Yet Another Story About The End Of Gay Bars

From the Indianapolis Star:

Gay bars are going out of business fast. Since 2015 at least five have closed their doors in Indianapolis, about half the city’s total. Among the casualties: the venerable Varsity, the city’s oldest gay bar, dating back to the 1940s.

In the past six months Talbott Street, long-known for its drag shows, closed, as did the 501 Eagle, a bar favored by leather enthusiasts since 1986.

Jack LaFary poured the last of the drinks at the 501 in October but had seen the end coming well before then. “Guys my age stopped going out to bars all the time,” said LaFary, 48, “and the new generation never did catch on.”
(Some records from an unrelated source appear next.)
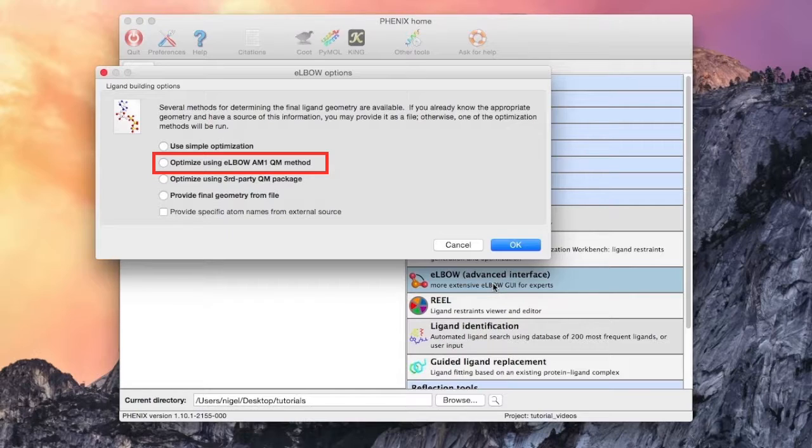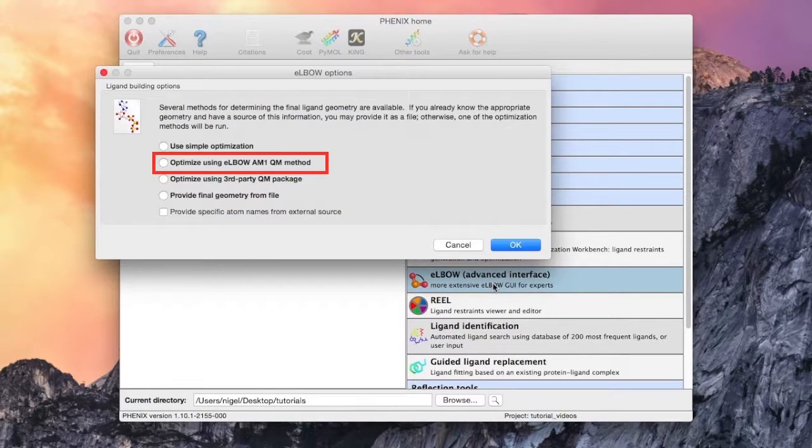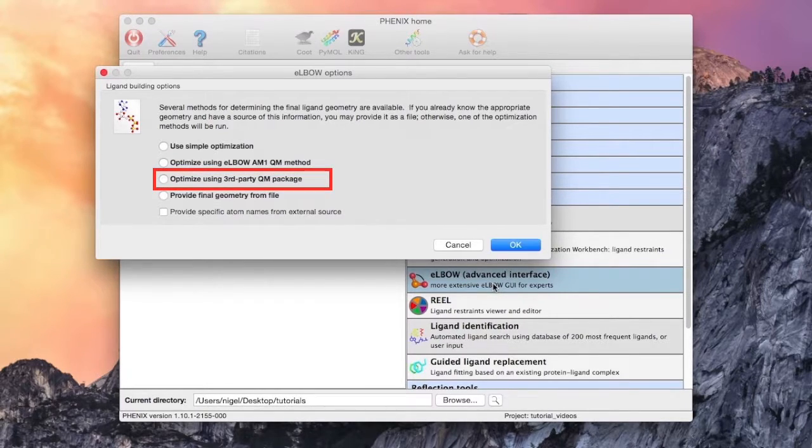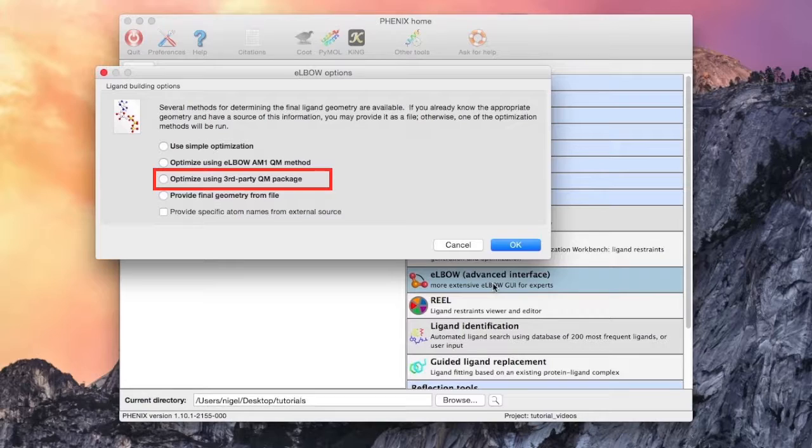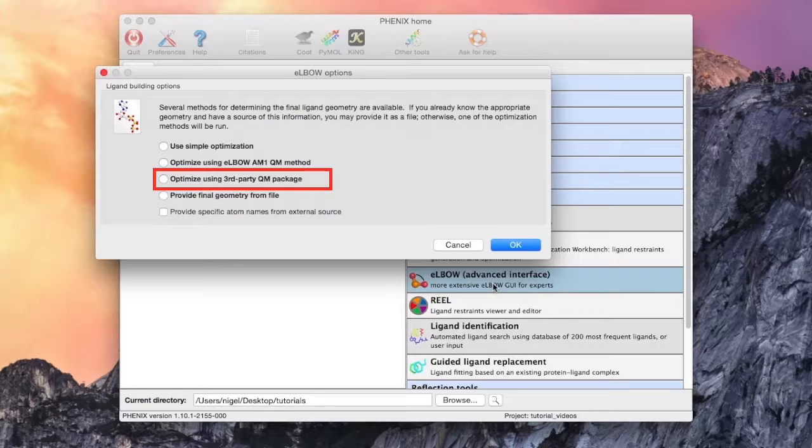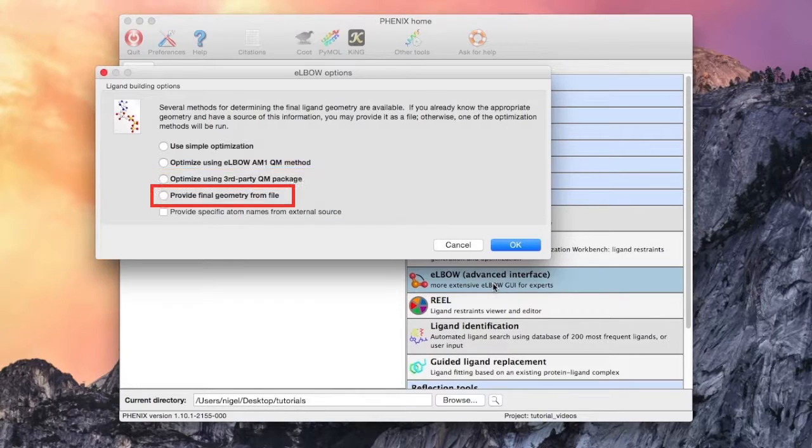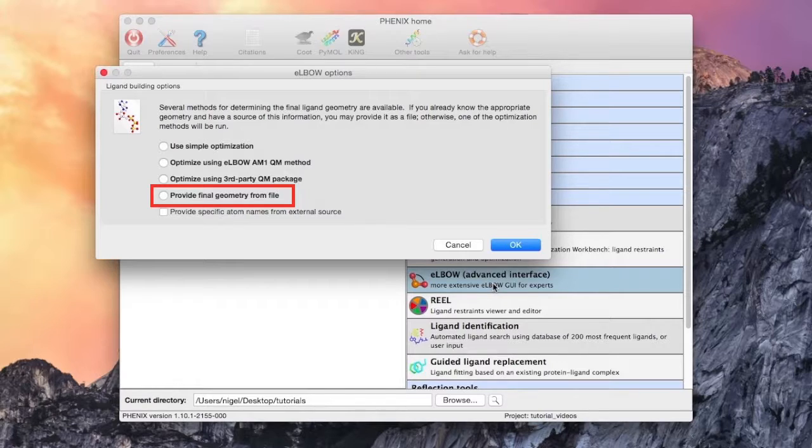The second option is a built-in RM1-AM1 semi-empirical QM method that is appropriate for most drug-like molecules. The next method uses a feature in Elbow that can use third-party QM packages such as GAMESS to generate high-level QM geometries. This requires additional setup. The final radio button option is to provide a Cartesian geometry from another file such as a PDB file.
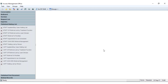In this video you will be shown the appointment management processes. This will include how to schedule a new patient appointment, how to schedule a follow-up, as well as how to modify an appointment.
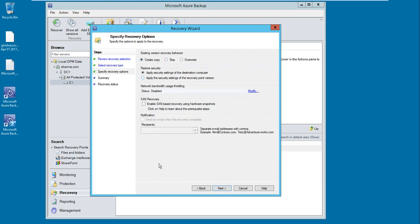But if you want, you can also specify over here the recipients in case you want to send notifications.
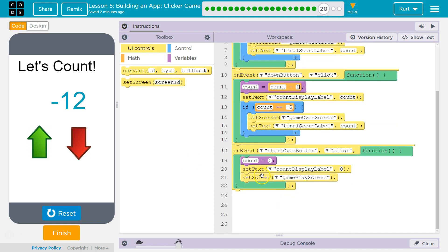There's probably another bug. There might be something going on here — sets text to 0. So it would have always been 0 when we started. We want to set the text to be equal to count after we set count equal to 0.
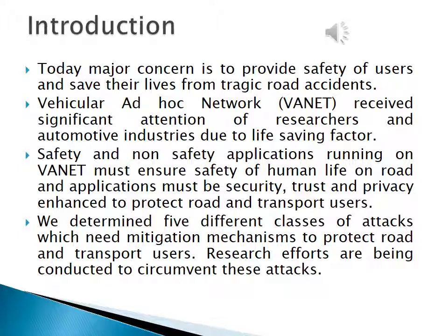Safety and non-safety applications running on VANET must ensure safety of human life on road, and applications must be security, trust, and privacy-enhanced to protect road and transport users. We identified five different classes of attacks which need mitigation mechanisms to protect road and transport users. Research efforts are being conducted to circumvent these attacks.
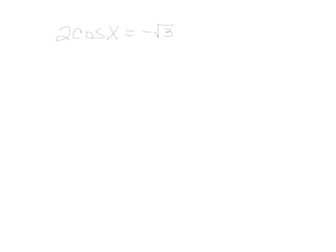Good morning. Hopefully you have your unit circle beside you as you begin to watch this video. We are solving some basic beginning trig equations. Let's practice going through a few of these and then you'll get the chance to do some on your own.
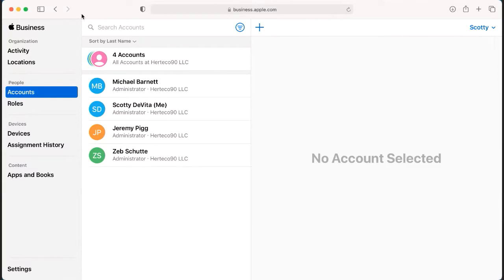What I'm going to show you in this video is how you can assign and unassign the device. What you do here is once you're logged in, you go to devices.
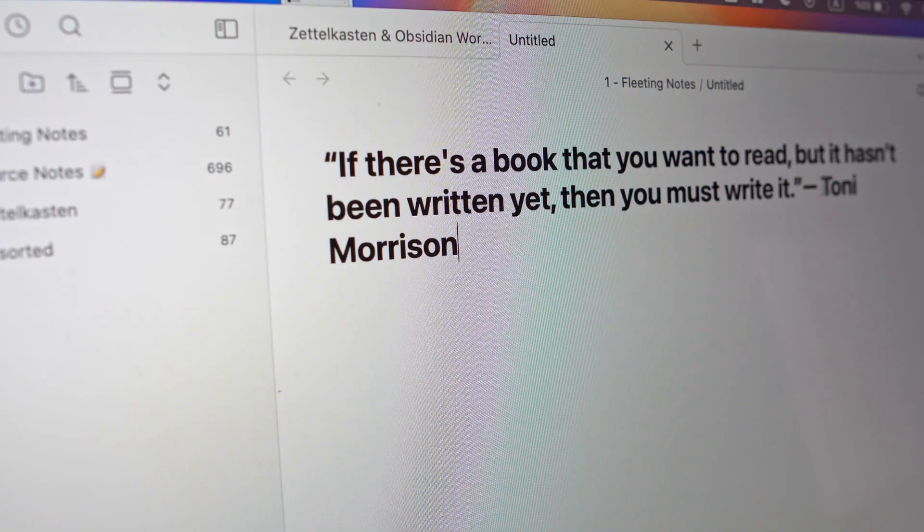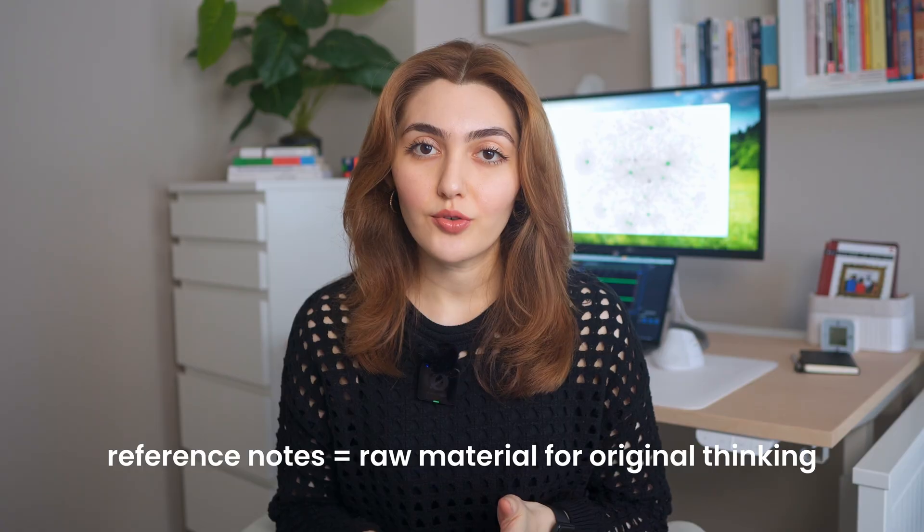Reference notes is the folder where everything you consume goes — books, podcasts, articles, YouTube videos, quotes, and even movies. Anything you didn't create but find valuable enough to keep. Reference notes are not supposed to be atomic, so it's fine if they're a bit longer. You can even use copy-paste here. You don't have to write in your own words all the time. If you need to keep the accuracy of the original source, don't hesitate to copy things as they are. Remember, reference notes are not original thinking, but they are the raw material for it. You will return to them later to form your own insights, so store them with intention.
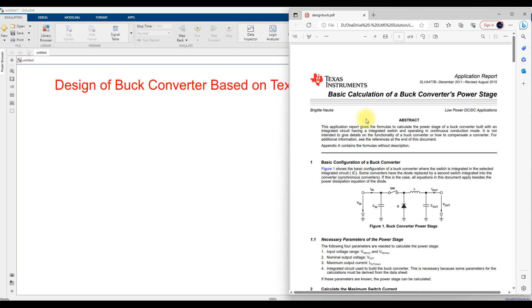Hi, welcome to Alamo Solution. Today we are going to see the design of a buck converter based upon a Texas Instruments design equation.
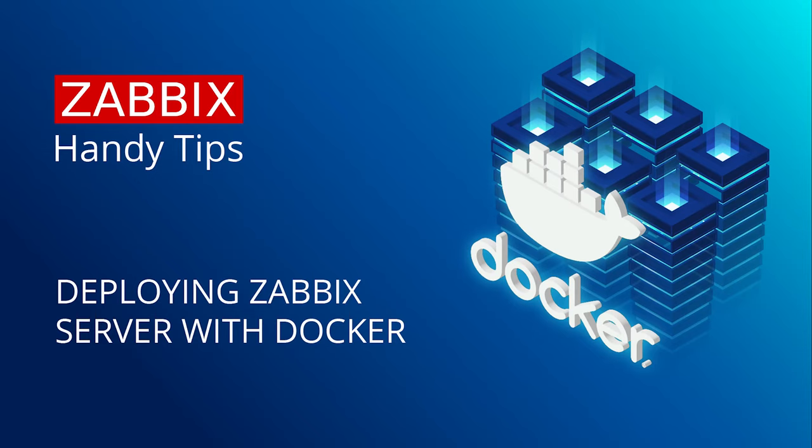Hello and welcome to Zabbix Handy Tips. In this video, we will learn how to deploy Zabbix with Docker containers.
It’s the same elsewhere. The 501’s closing “comes just weeks after the Barracks closed in Louisville,” reported the the gay news website Great Lakes Den, lamenting that “most of Indiana will no longer have easy access to a leather bar.”

San Francisco was down to just a few dozen gay bars compared with more than 100 in the 1970s, according to a 2011 report in Slate, and Manhattan had but 44, half as many as it did at its gay-bar peak in 1978. In London the Queen’s Head, a gay bar since the 1920s, closed in September, going the way of other prominent gay bars in that European capital.

As do virtually all of these trend articles, the above-linked piece cites hook-up apps and social integration as the primary reasons young gays are abandoning gay nightspots.